◆ TASK PROMPT
The required output is every line from the one containing "bontott MITSUBISHI Canter" through the last line of the listing below, copied exactly, pictures excluded.

◆ DATA EXCERPT
-----
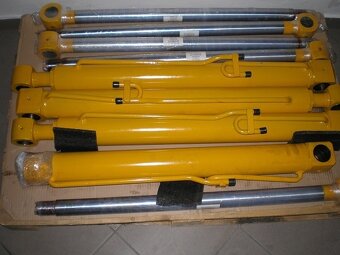 Piestnica na JCB 3CX,  na JCB 4CX - 4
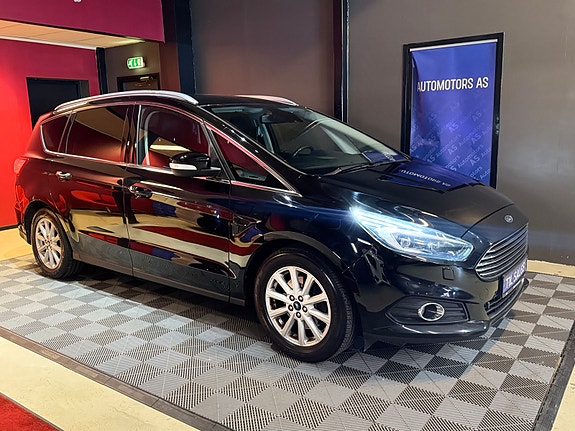 Ford S-MAX 2 of 5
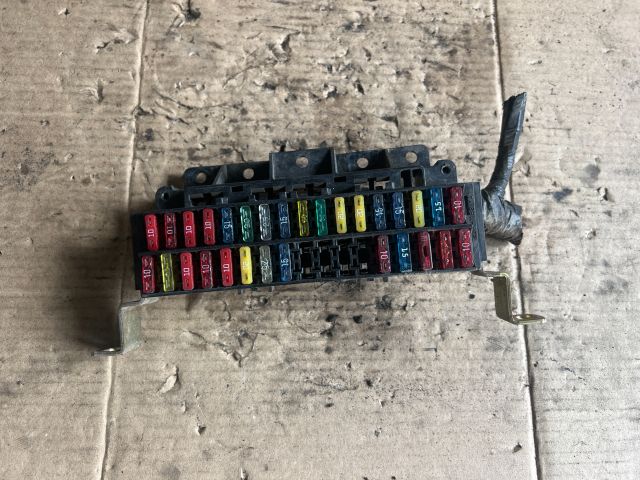 bontott MITSUBISHI Canter Biztosítéktábla Motortér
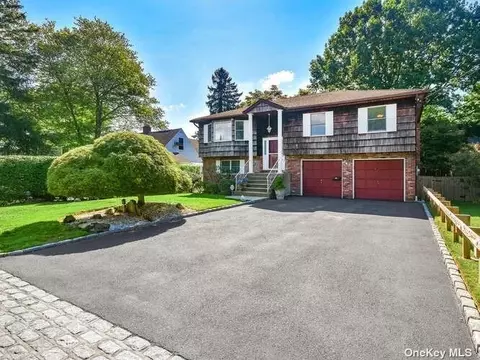 15 Smith St, Glen Head, NY 11545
-----
◆ RESPONSE AREA
 bontott MITSUBISHI Canter Biztosítéktábla Motortér
 15 Smith St, Glen Head, NY 11545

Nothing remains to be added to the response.